Vivir a la sombra del periodismo, si se piensa como escritor, también tiene sus ventajas. Aprendes a detectar errores con mayor rapidez, además de tomar un ritmo para cada cosa, aprovechando cada segundo del día porque ese instante puede marcar la diferencia entre recibir una noticia a tiempo o ya muy tarde.
Llevo ya siete años atado a este ritmo que ofrece el periodismo. En todo este tiempo he aprendido mil y un cosas, desde analizar todo tipo de discursos hasta crearme una disciplina para escribir y revisar. Es un proceso que a menudo pasa desapercibido para los lectores. Ellos tienen el producto final ante sus ojos: un libro que le ofrece diversas experiencias (gratas o no) y le permite abrir su mente a otras posibilidades.
No obstante, hay muchas historias detrás de cada libro, desde el manuscrito perdido, la corrección de “errores”, los cambios de último momento cuando la edición final está a punto de ser enviada a imprenta, las tazas de café o los tarros de licor suficientes para concluir ese párrafo crucial o el cierre de un poema, las noches en vela para continuar “una cuartilla más” o quizás las doscientas treinta y cuatro horas extras para completar el siguiente pago a la editorial y que nuestro libro por fin pueda ver los ojos del lector...
No digo que los escritores de clase media alta no pasen por dichas tribulaciones, pero gozan de ciertas ventajas que otros no tenemos y, sin embargo, por algo se empieza. El autor no vive de regalías a menos que sea J. K. Rowling. Los premios literarios tampoco llegan con el correo de la mañana un día sí y el otro también. ¿Qué opciones quedan, pues?
En mi caso, que no tengo paciencia para gestionar recursos en instituciones o editoriales, me he dedicado a trabajar para ver mi escritura plasmada en un libro impreso. Quisiera decir que el proceso termina ahí, pero el libro como mero objeto no es suficiente: aún falta que ese libro llegue a manos de un lector y para eso uno debe empatar el trabajo con la difusión del material propio.

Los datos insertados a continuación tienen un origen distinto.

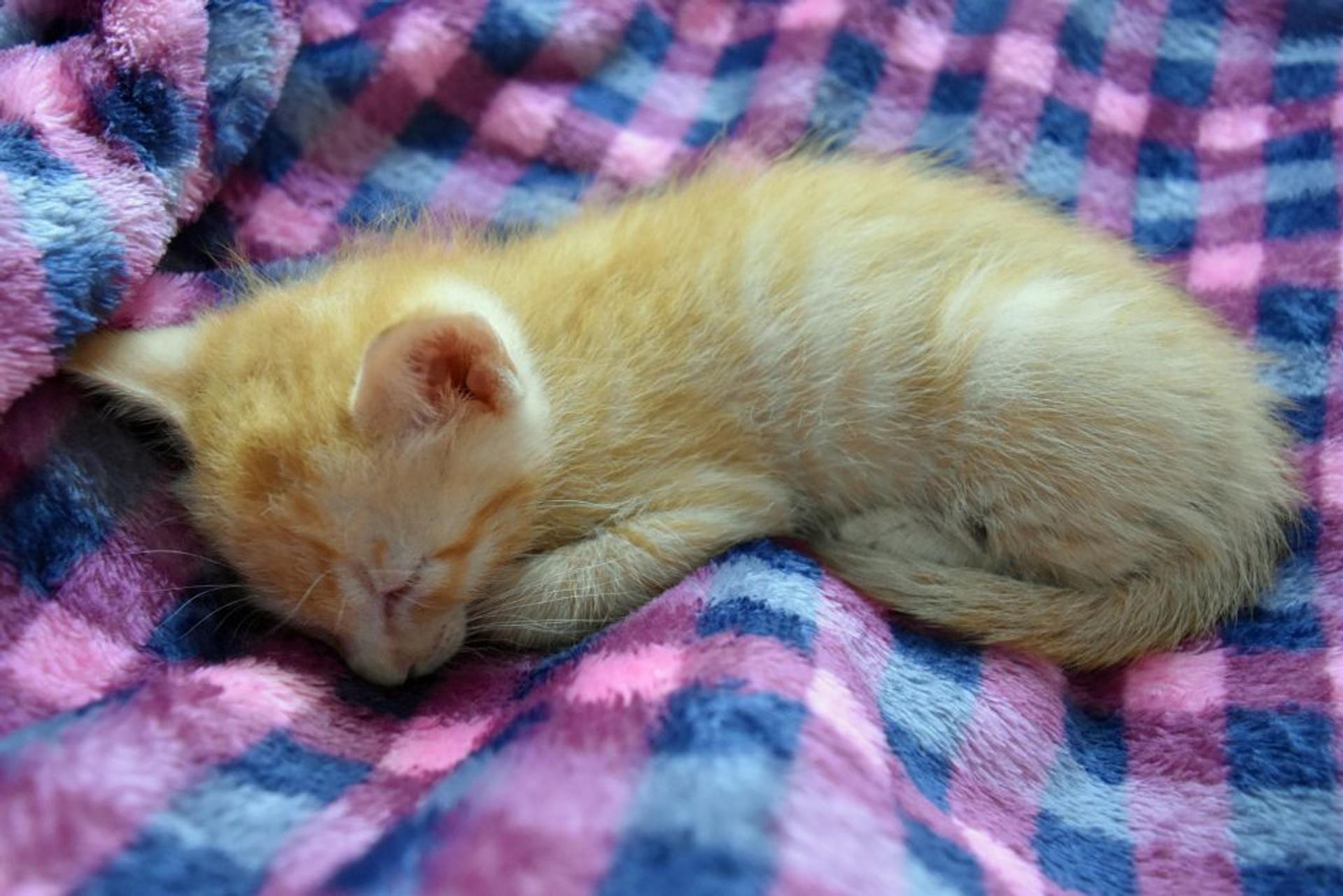 pet-image-7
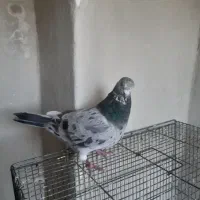 کفتر غریب گیری هما و پلاکی نامه بر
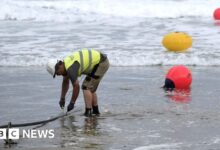 Subsea fibre cables can 'listen out' for sabotage - Today news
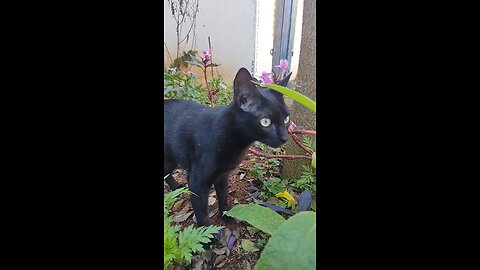 Lola e Tunico e Duplinha de Pretinhos que tenho em casa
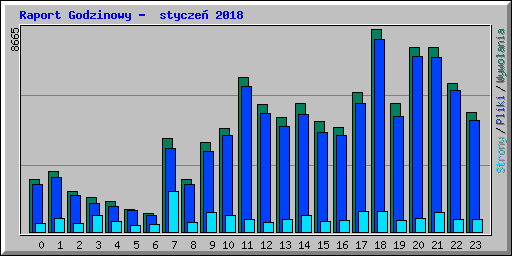 Raport Godzinowy -  stycze� 2018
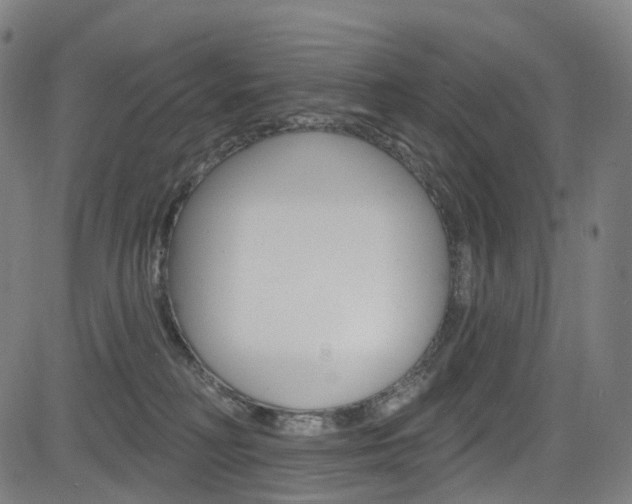 X0000085300230200703091127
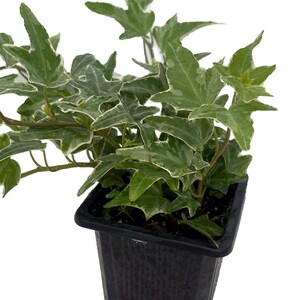 Glacier English Ivy - Hedera - 2.5" Pot - Easy to Grow, Indoors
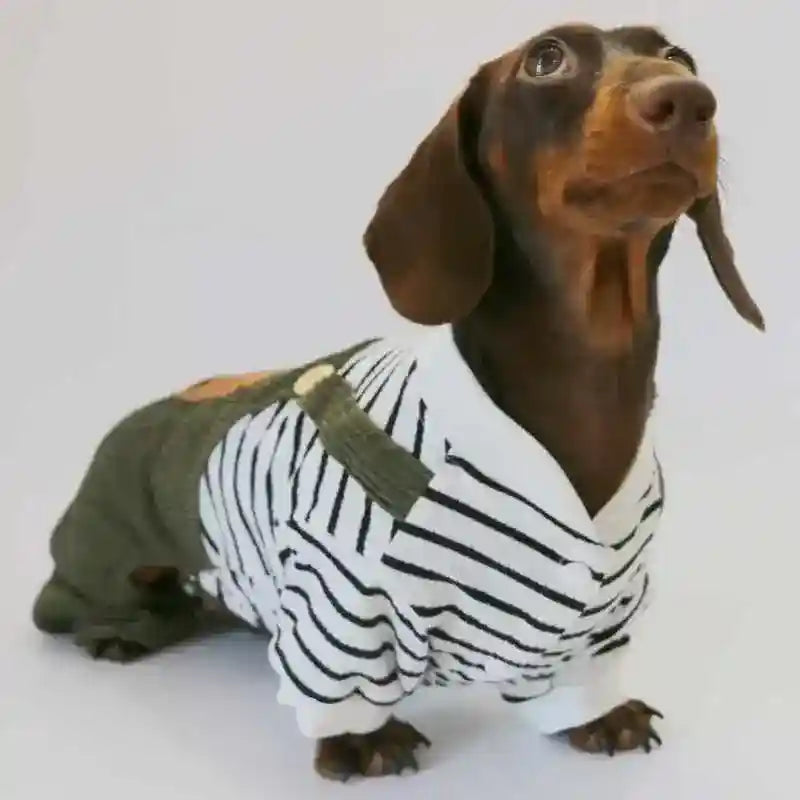 Tuta per Bassotto a righe con bretelle – Moda casual by Dog Moda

Cuando entré por primera vez a la oficina de Texere Editores (una oficina que te dejaba sin aliento por la escalinata para llegar ahí), desconocía el proceso después de imprimir un libro. Eso fue en julio del 2011. Desde entonces, la editorial ha crecido bastante y en este tiempo también he sido testigo del compromiso que tiene el personal con sus autores para apoyarlos en esta tarea de difusión.

Quienes debemos trabajar para ver nuestros libros impresos, este detalle es un plus que enamora.